生き物の体の構造は非常に複雑です。ハスの葉の表面、サメ肌、ヤモリの足、モルフォ蝶の翅などは、いずれも目に見えないほど細かな構造を持っています。
その微細構造を人工的に再現するには、高度な加工技術が必要です。実験室ではうまく作れても、大量生産となるとコストや耐久性の問題が出ることがあります。
バイオミメティクスは、生き物をそのまま大量に利用することではありません。自然の仕組みを理解し、その原理を人間の技術に応用する考え方です。
たとえば、クモの糸に学ぶからといって、クモを大量に飼って糸を集めるだけでは現実的ではありません。自然から学びつつ、人工的に再現できる形へ変換する必要があります。
バイオミメティクスの例として紹介される技術の中には、すでに実用化されているものもあれば、まだ研究段階のものもあります。
記事を書くときには、「すでに広く使われている技術」「一部で使われている技術」「研究が進められている技術」を分けて説明すると、読者に誤解を与えにくくなります。

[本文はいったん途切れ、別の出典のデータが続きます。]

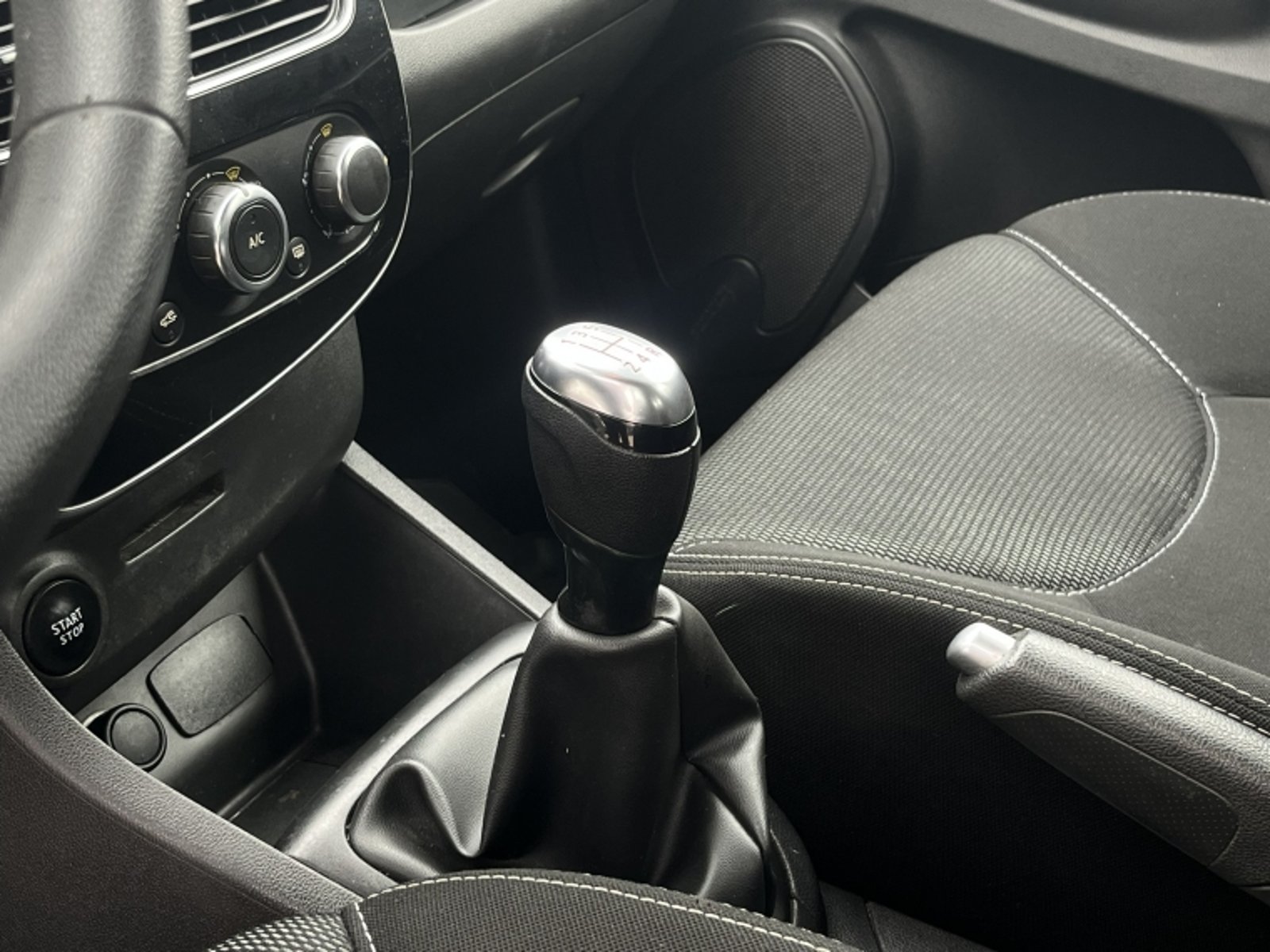 Renault CLIO 1.2 EXPRESSION MT 2020 - Imagen 16 de 20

バイオミメティクスは、生き物の形や仕組みを人間の技術に応用する考え方です。新幹線、マジックテープ、撥水加工、痛みの少ない注射針、抗菌素材、風力発電ブレード、ドローン、建築設計など、さまざまな分野で活用されています。
バイオミメティクスの代表的な例を振り返ると、次のようになります。
自然界の生き物は、長い進化の中で、環境に合った合理的な仕組みを身につけてきました。人間が直面しているエネルギー問題、環境問題、医療の課題、素材開発の課題を考えるうえで、自然の中には多くのヒントがあります。

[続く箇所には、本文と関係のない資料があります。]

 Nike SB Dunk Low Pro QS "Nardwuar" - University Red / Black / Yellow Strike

バイオミメティクスは、単に自然を真似る技術ではありません。自然をよく観察し、その仕組みを理解し、人間社会に役立つ形へ変えていく技術です。身の回りの製品や建物、乗り物を見たときに、「これはどんな生き物からヒントを得ているのだろう」と考えてみると、科学や技術の見方がより面白くなります。